'Energy Test Bed: monitoring the subsurface'

Series Name Geology Special Research Seminar
Speaker Professor Mike Stephenson, Director of Science and Technology at the British Geological Survey
Type Lectures & Talks
When 22 Nov 2013, 04:00PM - 05:00PM
Venue Lecture Theatre 10, Bennett Building
Open To University staff and students
Ticket Price Free
For Bookings Contact Gail Andrews (ga16@Le.ac.uk)

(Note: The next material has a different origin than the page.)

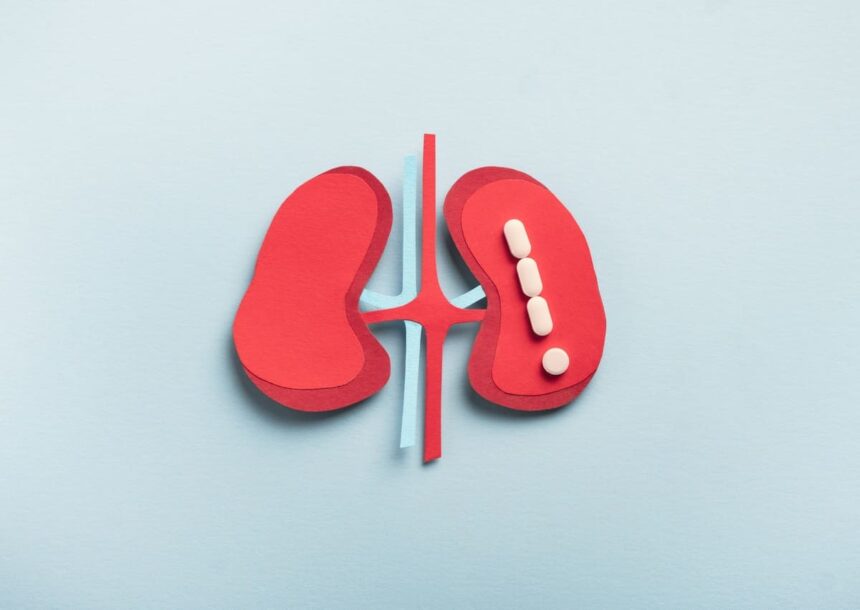 Nephrology expert witness Kevin Griffiths provides consulting and testimony for kidney and hypertension legal cases.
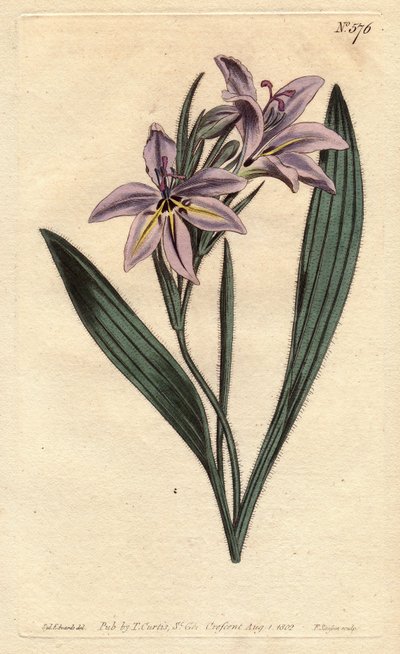 Sweet Scented Babiana with Pale Lilac Flowers. Babiana Plicata. Handcoloured Copperplate Engraving from a Botanical Illustration by Sydenham Edwards from William Curtis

This multidisciplinary initiative at the interface of science and society provides a range of opportunities for collaboration between the University and BGS across a number of disciplines. Interested colleagues in all Colleges are most welcome to attend.

Abstract

Monitoring and regulation are vital for orderly and sustainable energy development, and public and investor confidence. The oil sands of Alberta are a good example. Oil sands have high CO2, land impacts and water impacts. The Alberta Environmental Monitoring Agency (http://environment.alberta.ca/03379.html) is a conscious effort to monitor environmental effects while reassuring the public of the managerial competence of the operators and regulator. Britain should consider a more comprehensive monitoring system so that subsurface usage can be managed to the satisfaction of the public. This is particularly pertinent to low-carbon energy because the feasibility of four ‘lower carbon’ energy solutions rely on understanding of subsurface geological containment or flow: CCS, shale gas, radioactive waste disposal and deep geothermal. Lack of understanding and uncertainty feeds through to lack of confidence amongst policy makers and industrial investors, and most of all to lack of public confidence. BGS is proposing an infrastructure (the ‘Energy Test Bed’) to enable better understanding of subsurface processes, it will help to engender public confidence, and might speed new technology energy options (e.g. compressed air energy storage) to commercialisation.